[Opening Dataset section]

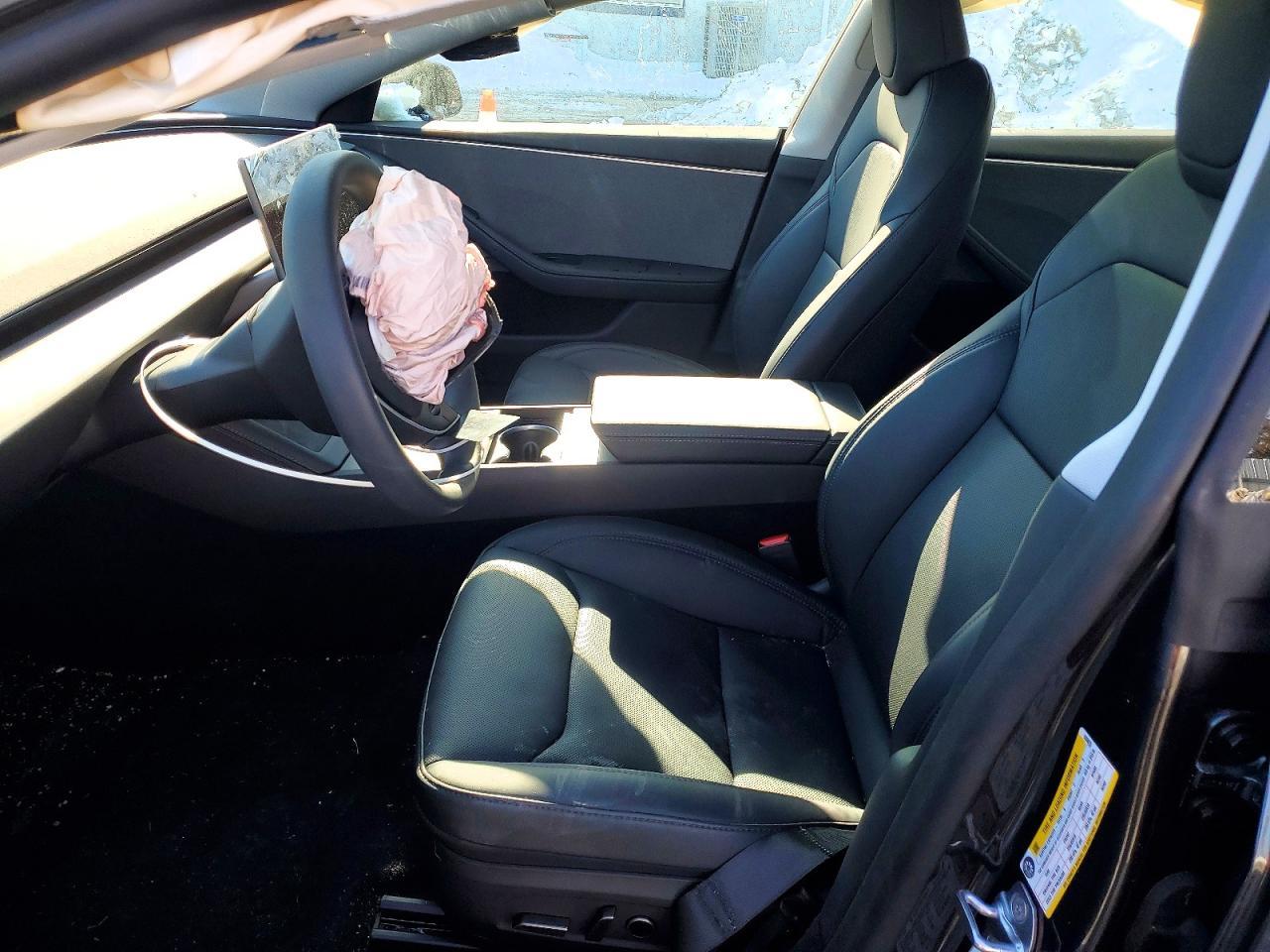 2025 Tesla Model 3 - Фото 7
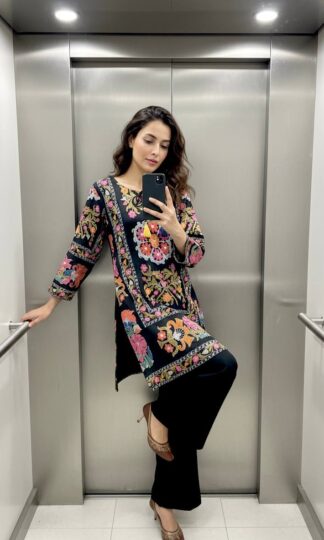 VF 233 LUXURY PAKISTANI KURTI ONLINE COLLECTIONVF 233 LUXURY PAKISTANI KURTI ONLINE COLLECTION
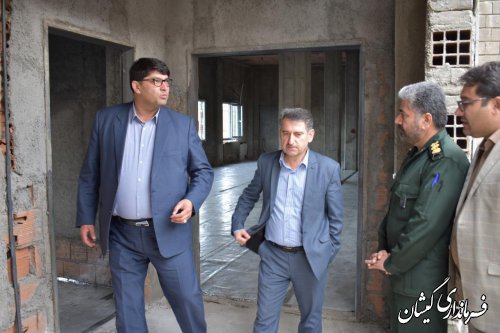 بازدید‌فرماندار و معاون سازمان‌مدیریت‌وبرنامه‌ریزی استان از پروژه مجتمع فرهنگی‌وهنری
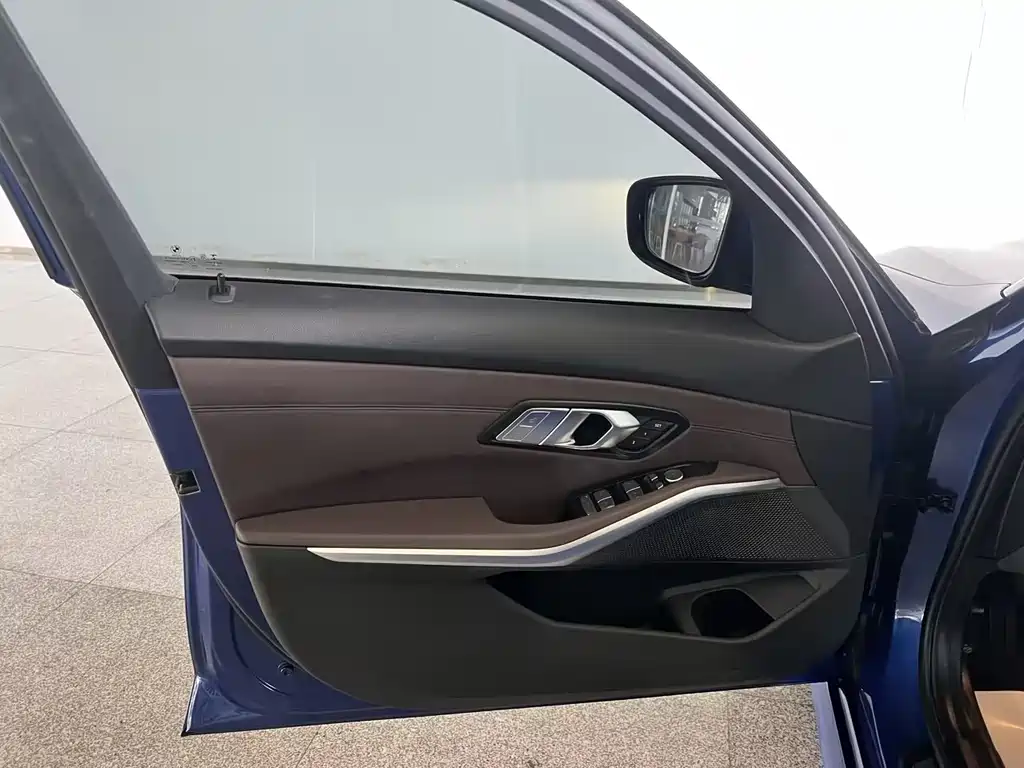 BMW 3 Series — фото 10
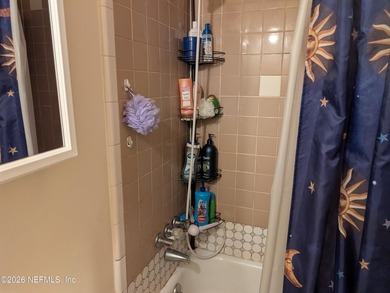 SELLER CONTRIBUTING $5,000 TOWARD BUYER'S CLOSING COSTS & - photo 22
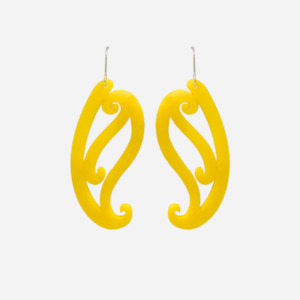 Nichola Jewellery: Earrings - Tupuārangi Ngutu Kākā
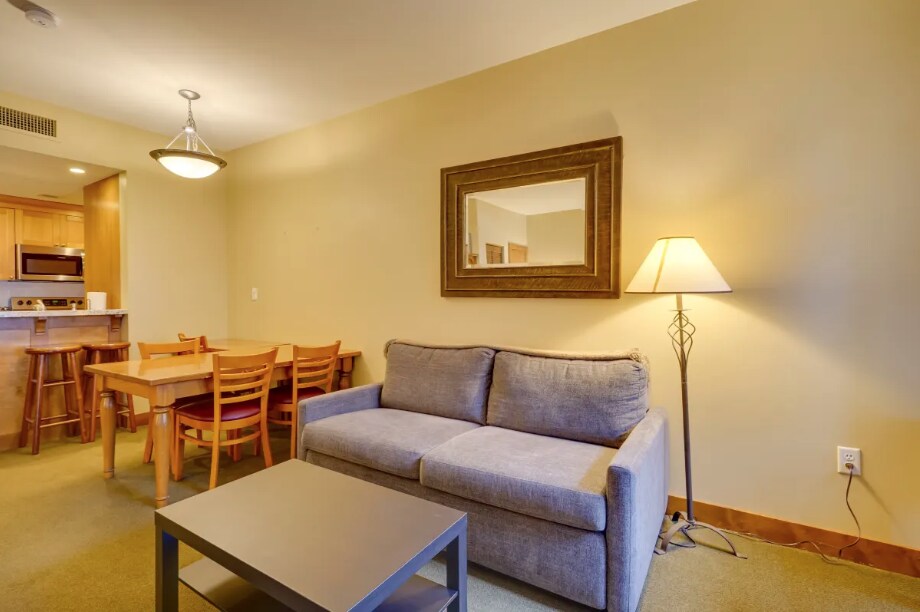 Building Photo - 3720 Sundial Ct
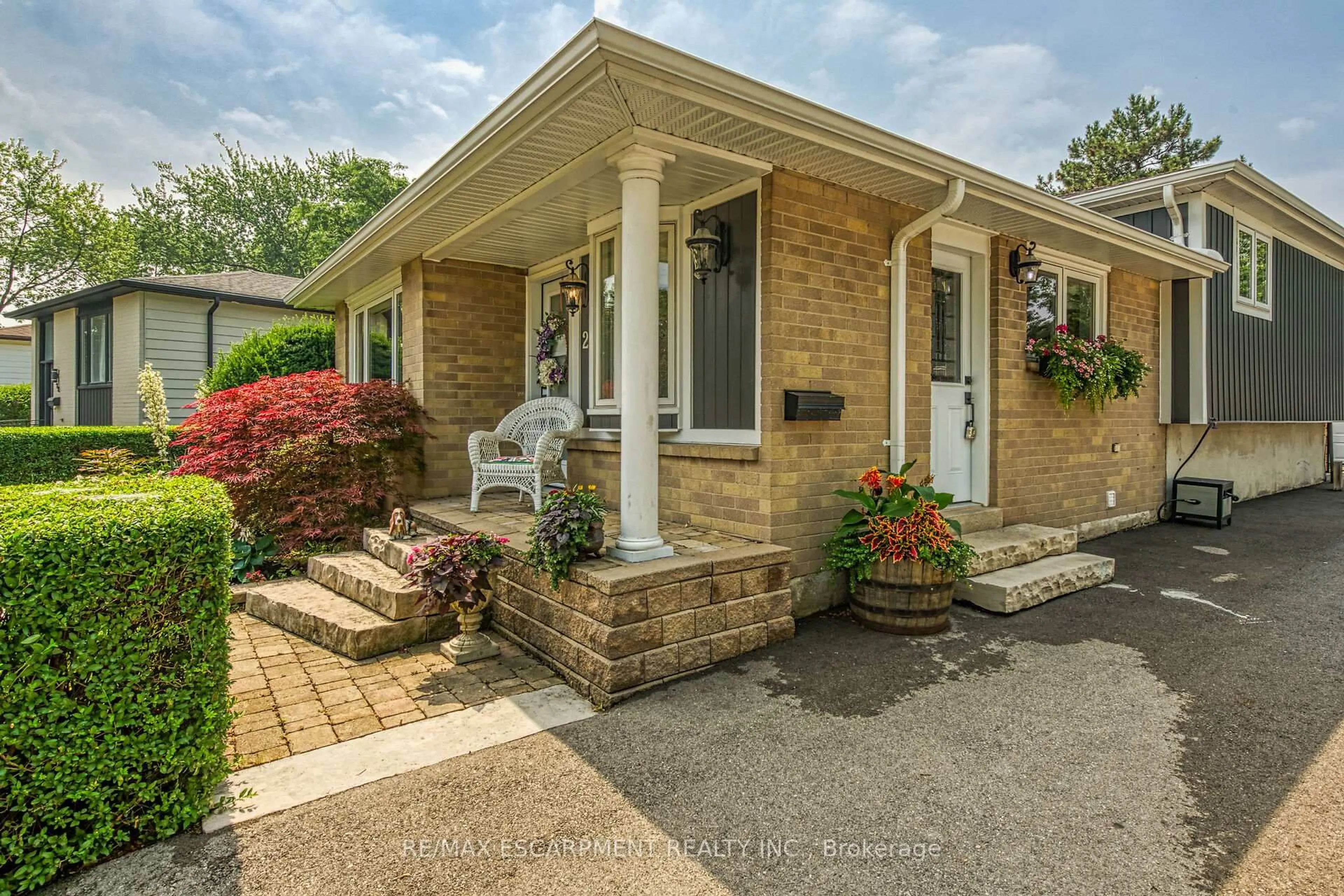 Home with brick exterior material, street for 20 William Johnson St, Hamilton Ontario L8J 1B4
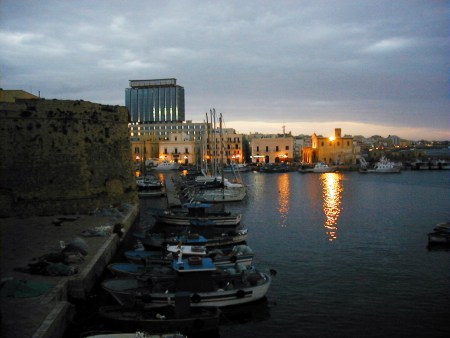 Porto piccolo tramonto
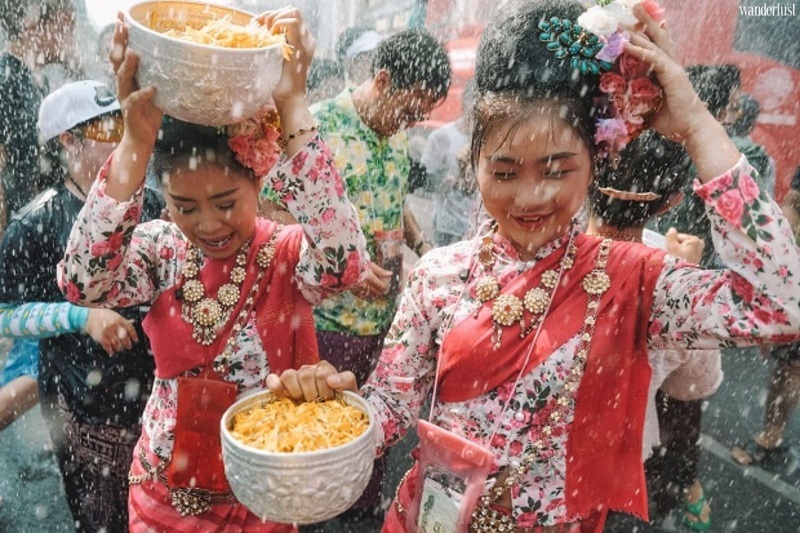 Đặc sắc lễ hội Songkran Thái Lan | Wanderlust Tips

[Closing Dataset section]

- **Task goal**: Your output should consist solely of the lines from the line containing "Porto piccolo tramonto" through the last line of the entries, verbatim, minus any pictures.

- **Task response**:
 Porto piccolo tramonto
 Đặc sắc lễ hội Songkran Thái Lan | Wanderlust Tips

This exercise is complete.